TASK PROMPT: After finding the line that contains "IACS Kolkata Research", reproduce it and each line below it through the end of the listing, exactly, with nothing added.

GIVEN DATA:
= = = = = = =
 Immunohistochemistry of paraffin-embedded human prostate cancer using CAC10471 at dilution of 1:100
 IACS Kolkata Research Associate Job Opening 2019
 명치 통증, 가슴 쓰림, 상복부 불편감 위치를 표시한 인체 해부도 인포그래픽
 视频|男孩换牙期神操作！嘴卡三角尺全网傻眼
= = = = = = =
RESPONSE BELOW:
 IACS Kolkata Research Associate Job Opening 2019
 명치 통증, 가슴 쓰림, 상복부 불편감 위치를 표시한 인체 해부도 인포그래픽
 视频|男孩换牙期神操作！嘴卡三角尺全网傻眼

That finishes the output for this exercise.